Formatting input data for linear regression model in leave-out-one validation testing

Hello there I have data from 10 trials stored in a 10x1 cell (Predictors) and the corespoding respose vairables stored in a 10x1 cell (Response). I am trying to trian a simple linear regression model and make predictions by leaving one trial out and using the other 9 trials to train the linear regression model and the one to predict/test the model by producing RMSE values. I am unsure of how to format my input within the "fitlm" function as I keep getting the follwing error:
% Train the network
for i = 1:length(Predictors) %iterate over all data points
validationdataX = Predictors(i);
validationdataY = Response(i);
%Exclude the current index (i) for training
trainingIndices = setdiff(1:length(Predictors),i);
traningdataX = Predictors(trainingIndices)
trainingdataY = Response(trainingIndices)
net = fitlm(traningdataX,trainingdataY)
ypred = predict(net,validationdataX);
TrueVal = validationdataY;
TrueValue = cell2mat(TrueVal);
Predvalue = {Predval};
PredictedValue = cell2mat(Predvalue);
RMSE = rmse(PredictedValue,TrueValue)
end
Error using classreg.regr.TermsRegression/handleDataArgs (line 589)
Predictor variables must be numeric vectors, numeric matrices, or categorical vectors.
Error in LinearModel.fit (line 1000)
[X,y,haveDataset,otherArgs] = LinearModel.handleDataArgs(X,paramNames,varargin{:});
Error in fitlm (line 134)
model = LinearModel.fit(X,varargin{:});
Any suggestions on how to fix this and to get the model to work correcly and make predictions using leave out one validation approach would be greatly appreciated!

9 个评论

Hi Isabelle,

Sounds like interesting project. In your code, you are passing cell arrays as predictors, which is causing the error.To resolve this issue, you need to convert your cell arrays to numeric arrays before fitting the linear model.
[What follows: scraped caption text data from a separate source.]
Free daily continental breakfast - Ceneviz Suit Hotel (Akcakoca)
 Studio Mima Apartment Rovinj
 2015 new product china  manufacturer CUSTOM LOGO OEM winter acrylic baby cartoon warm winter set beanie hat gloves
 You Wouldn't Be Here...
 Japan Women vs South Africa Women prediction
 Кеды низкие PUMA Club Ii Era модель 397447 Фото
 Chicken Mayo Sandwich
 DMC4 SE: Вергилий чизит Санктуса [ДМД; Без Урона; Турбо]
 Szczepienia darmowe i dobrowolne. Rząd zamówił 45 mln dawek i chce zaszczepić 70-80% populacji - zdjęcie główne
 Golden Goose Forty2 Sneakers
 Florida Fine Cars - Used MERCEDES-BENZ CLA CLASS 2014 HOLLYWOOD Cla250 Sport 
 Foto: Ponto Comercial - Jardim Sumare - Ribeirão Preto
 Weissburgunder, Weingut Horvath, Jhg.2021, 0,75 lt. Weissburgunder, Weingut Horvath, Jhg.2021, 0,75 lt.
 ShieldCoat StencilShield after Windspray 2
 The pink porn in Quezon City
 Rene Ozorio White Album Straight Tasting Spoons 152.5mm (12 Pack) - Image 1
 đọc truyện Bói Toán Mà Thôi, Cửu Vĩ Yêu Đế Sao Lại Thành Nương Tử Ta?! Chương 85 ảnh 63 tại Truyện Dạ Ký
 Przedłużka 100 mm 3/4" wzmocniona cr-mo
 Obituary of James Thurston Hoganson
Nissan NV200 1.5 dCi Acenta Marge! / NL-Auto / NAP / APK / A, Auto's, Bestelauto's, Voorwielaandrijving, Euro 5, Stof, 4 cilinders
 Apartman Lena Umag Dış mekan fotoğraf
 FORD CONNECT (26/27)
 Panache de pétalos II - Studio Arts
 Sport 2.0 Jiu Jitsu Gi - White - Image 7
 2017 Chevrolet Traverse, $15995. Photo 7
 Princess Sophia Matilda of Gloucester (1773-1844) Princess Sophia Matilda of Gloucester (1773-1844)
However, I did update the code including leave out one validation approach. Here is updated code snippet example,

% Define and populate sample data for 'data' and 'responseData'

data = {1, 2, 3, 4, 5}; % Sample predictor data

responseData = {10, 20, 30, 40, 50}; % Sample response data

% Define and populate the 'Predictors' variable with sample data

Predictors = cell(1, length(data));

for i = 1:length(data)

    Predictors{i} = data{i};

end

% Define and populate the 'Response' variable with sample data

Response = cell(1, length(responseData));

for i = 1:length(responseData) Response{i} = responseData{i}; end

% Train the linear regression model with leave-one-out cross-validation

for i = 1:length(Predictors)

    % Extract validation data for the current iteration
    validationdataX = cell2mat(Predictors(i));
    validationdataY = cell2mat(Response(i));
    % Exclude the current index (i) for training
    trainingIndices = setdiff(1:length(Predictors), i);
    trainingdataX = cell2mat(Predictors(trainingIndices));
    trainingdataY = cell2mat(Response(trainingIndices));
    % Train the linear regression model
    mdl = fitlm(trainingdataX, trainingdataY);
    % Make predictions on the validation data
    ypred = predict(mdl, validationdataX);
    % Calculate RMSE for the current iteration
    RMSE = sqrt(mean((ypred - validationdataY).^2));
    % Display RMSE for each iteration
    disp(['RMSE for iteration ', num2str(i), ': ', num2str(RMSE)]);
 Hope, this is what you are looking for. Please see attached results. 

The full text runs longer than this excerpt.